## RECORDS PROVIDED
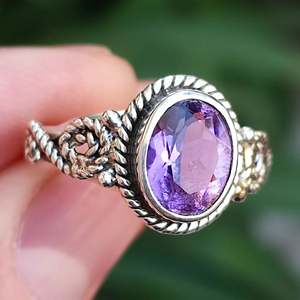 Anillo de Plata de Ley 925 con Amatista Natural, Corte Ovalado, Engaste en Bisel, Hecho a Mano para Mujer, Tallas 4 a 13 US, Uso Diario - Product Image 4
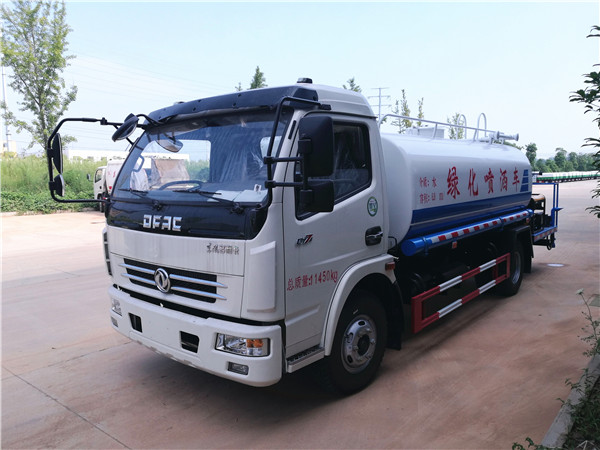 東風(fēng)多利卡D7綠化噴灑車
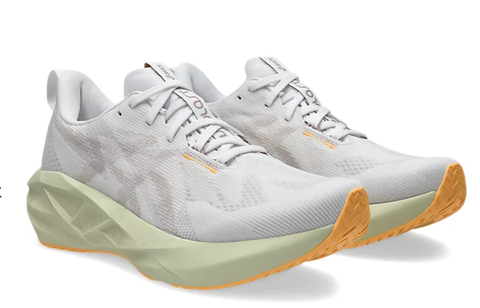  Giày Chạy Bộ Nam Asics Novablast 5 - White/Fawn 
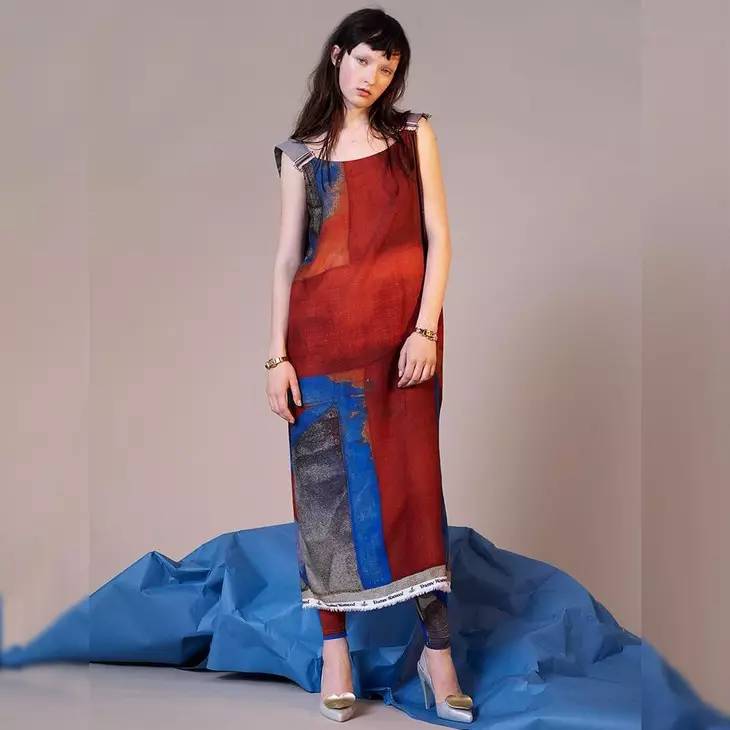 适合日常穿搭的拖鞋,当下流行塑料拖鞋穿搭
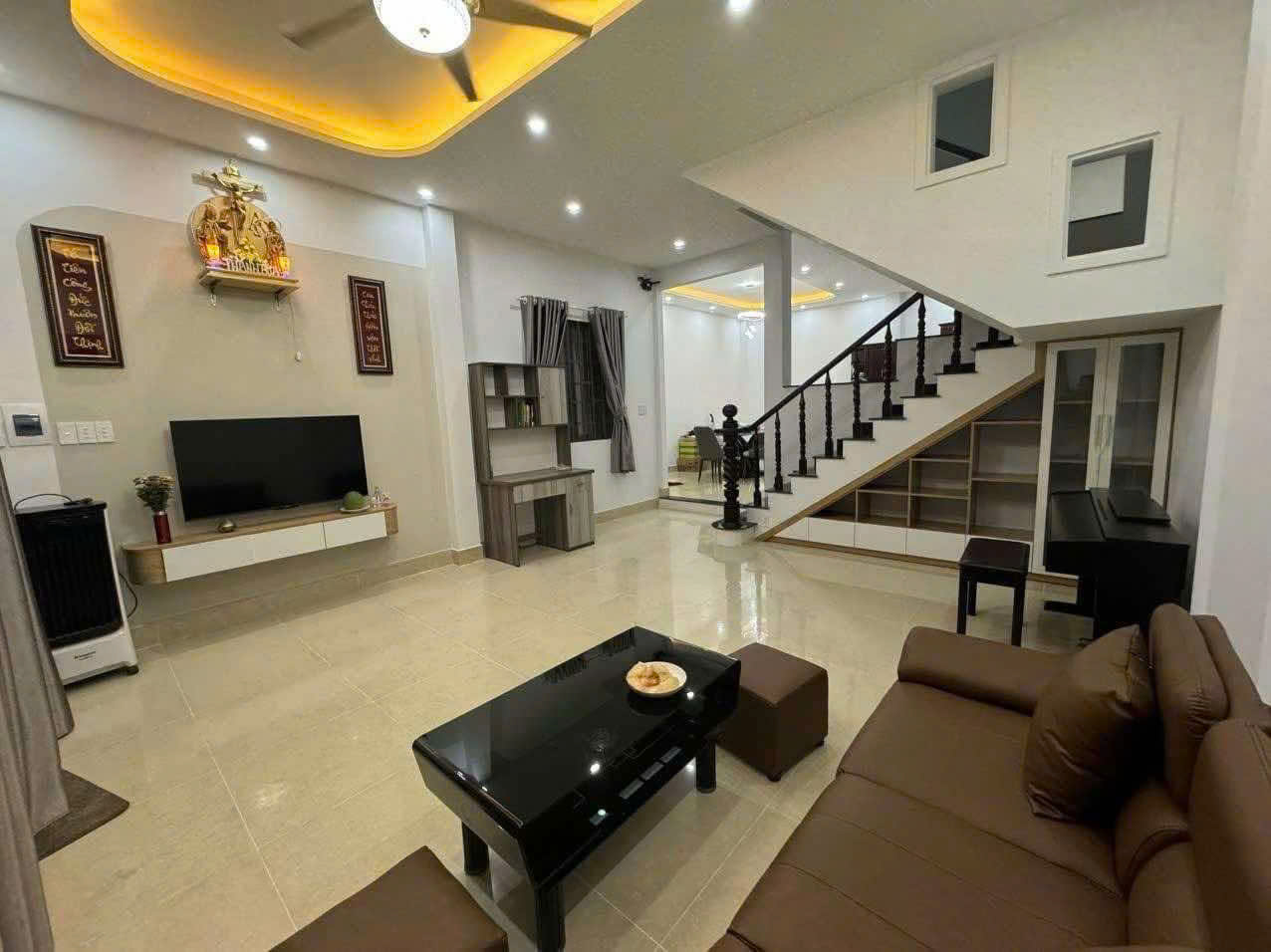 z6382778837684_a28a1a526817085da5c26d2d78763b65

## REQUIREMENT
Write the listing out exactly, apart from its pictures.

## OUTPUT
 Anillo de Plata de Ley 925 con Amatista Natural, Corte Ovalado, Engaste en Bisel, Hecho a Mano para Mujer, Tallas 4 a 13 US, Uso Diario - Product Image 4
 東風(fēng)多利卡D7綠化噴灑車
  Giày Chạy Bộ Nam Asics Novablast 5 - White/Fawn 
 适合日常穿搭的拖鞋,当下流行塑料拖鞋穿搭
 z6382778837684_a28a1a526817085da5c26d2d78763b65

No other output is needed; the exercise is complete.